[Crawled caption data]
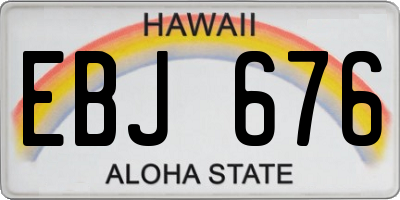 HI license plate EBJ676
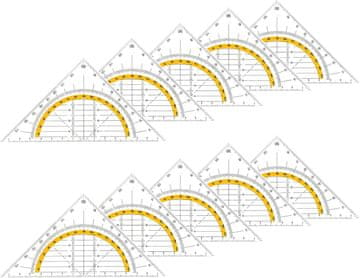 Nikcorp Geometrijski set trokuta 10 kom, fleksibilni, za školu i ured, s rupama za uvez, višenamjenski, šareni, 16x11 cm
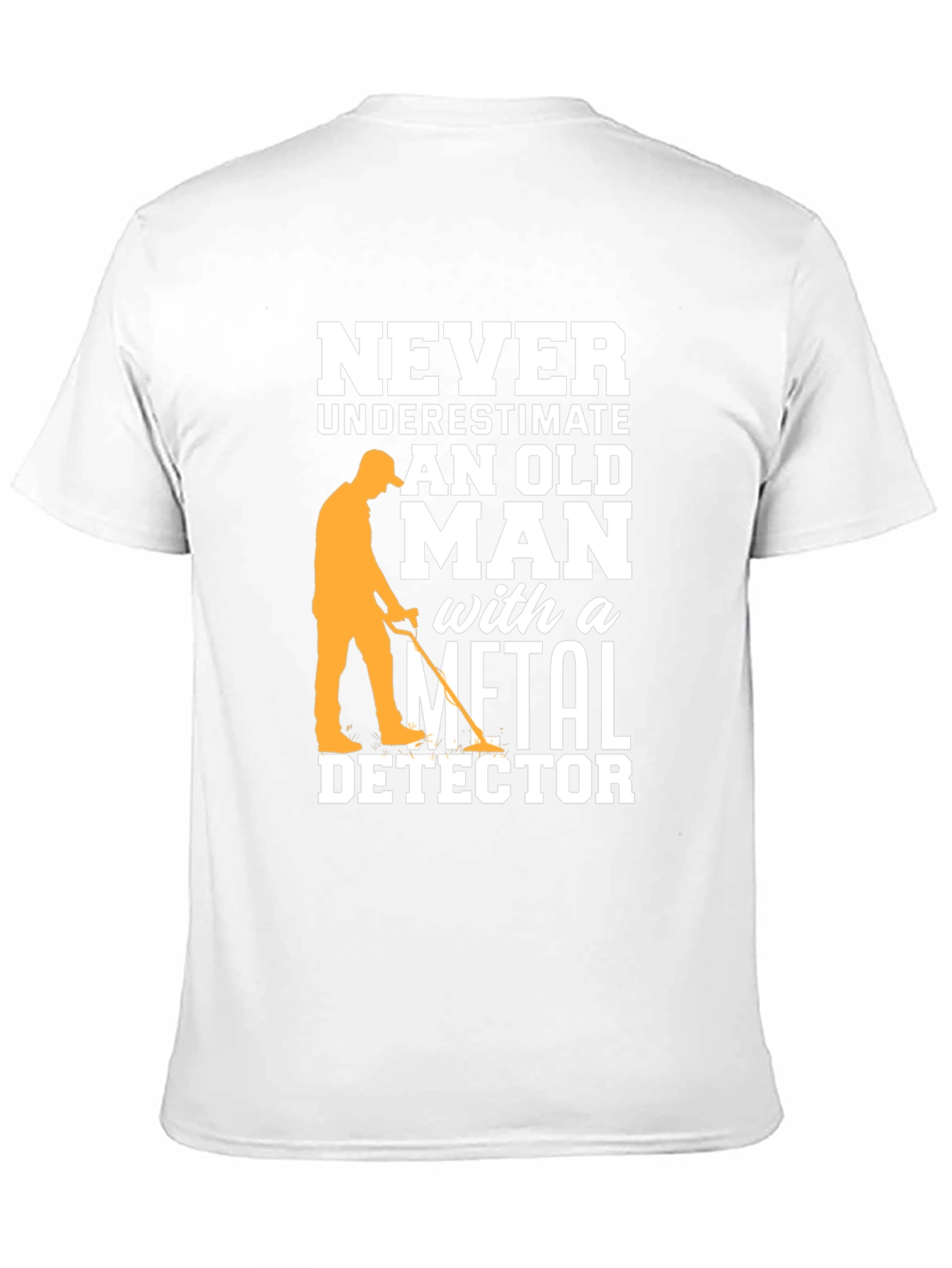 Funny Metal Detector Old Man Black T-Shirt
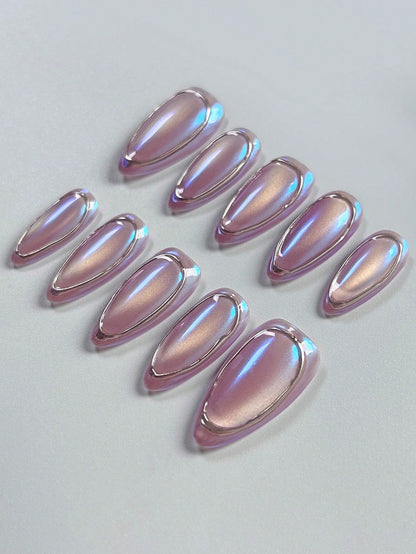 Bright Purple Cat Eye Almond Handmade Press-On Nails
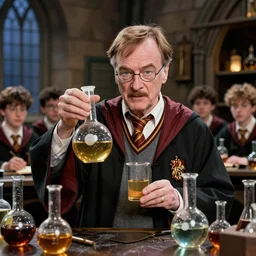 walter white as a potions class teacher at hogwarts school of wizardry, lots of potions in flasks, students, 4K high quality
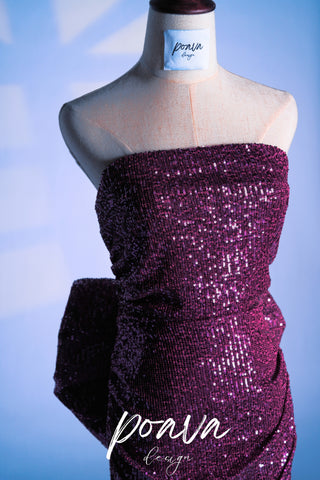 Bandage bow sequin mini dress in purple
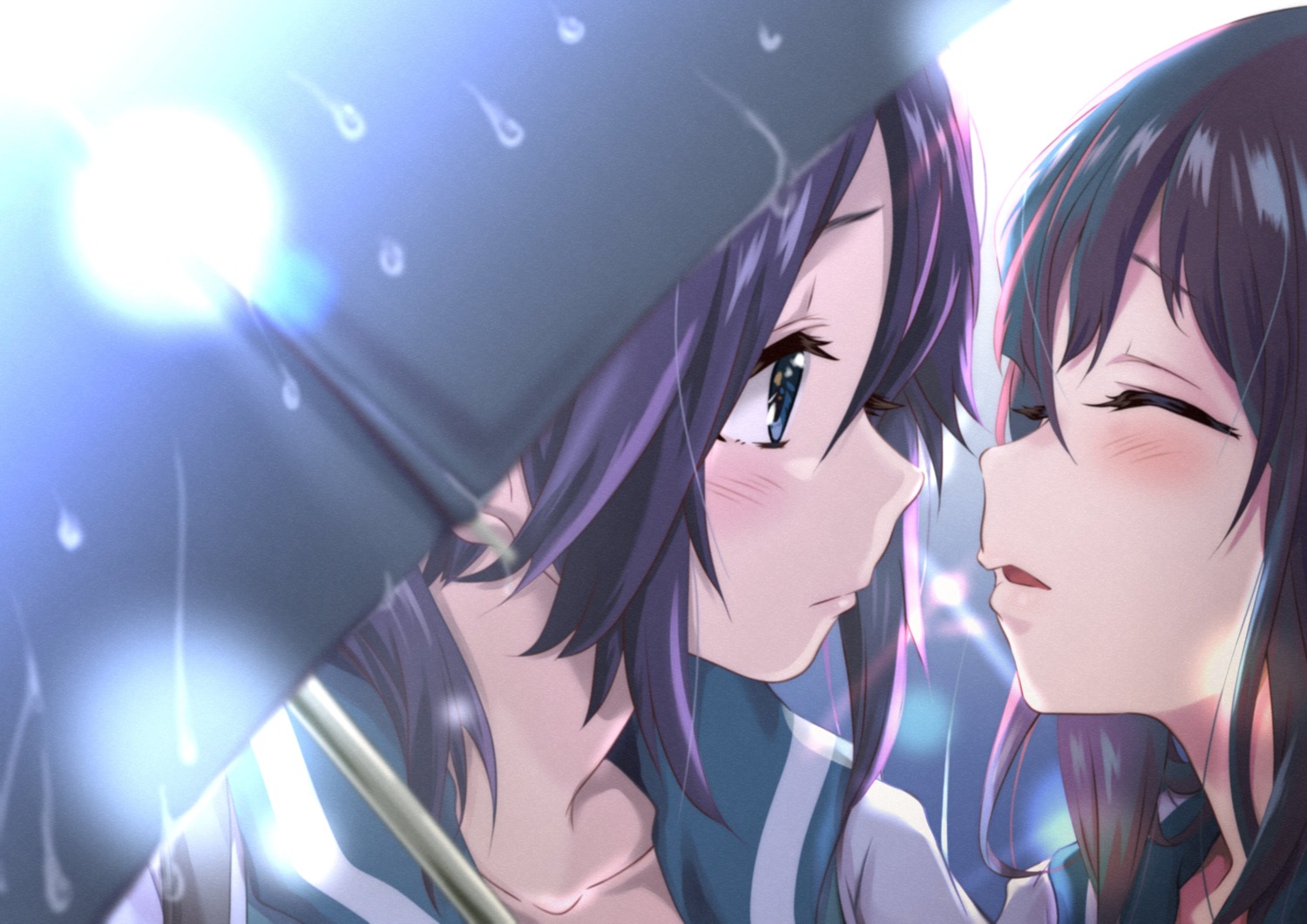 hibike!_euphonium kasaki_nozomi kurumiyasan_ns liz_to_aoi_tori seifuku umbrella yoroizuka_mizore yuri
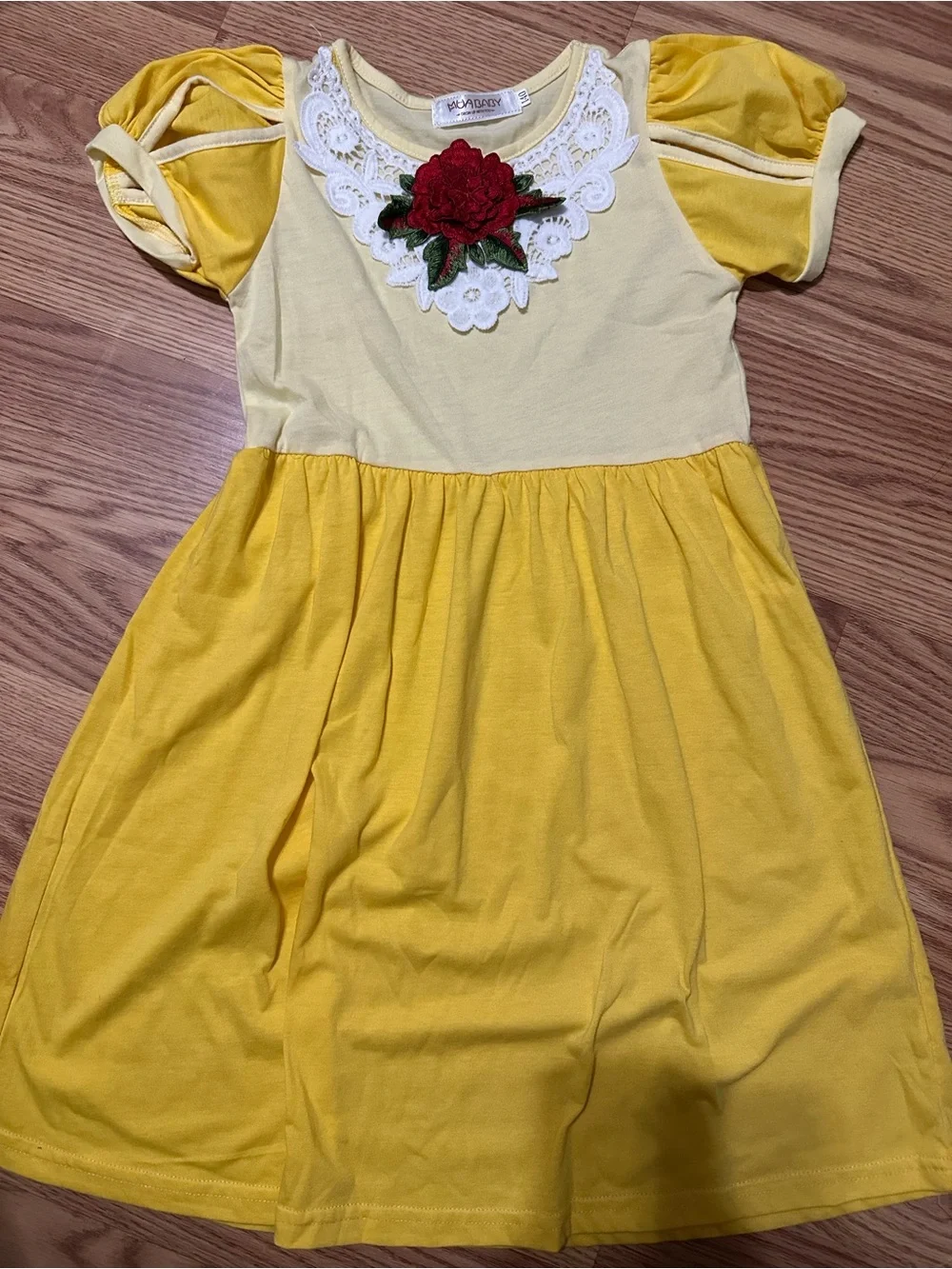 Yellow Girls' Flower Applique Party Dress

### Problem statement
A verbatim copy is needed of the lines running from the line with "Funny Metal Detector Old Man Black T-Shirt" to the end of the data above, both included. Keep the pictures out of it.

### Result of this task
 Funny Metal Detector Old Man Black T-Shirt
 Bright Purple Cat Eye Almond Handmade Press-On Nails
 walter white as a potions class teacher at hogwarts school of wizardry, lots of potions in flasks, students, 4K high quality
 Bandage bow sequin mini dress in purple
 hibike!_euphonium kasaki_nozomi kurumiyasan_ns liz_to_aoi_tori seifuku umbrella yoroizuka_mizore yuri
 Yellow Girls' Flower Applique Party Dress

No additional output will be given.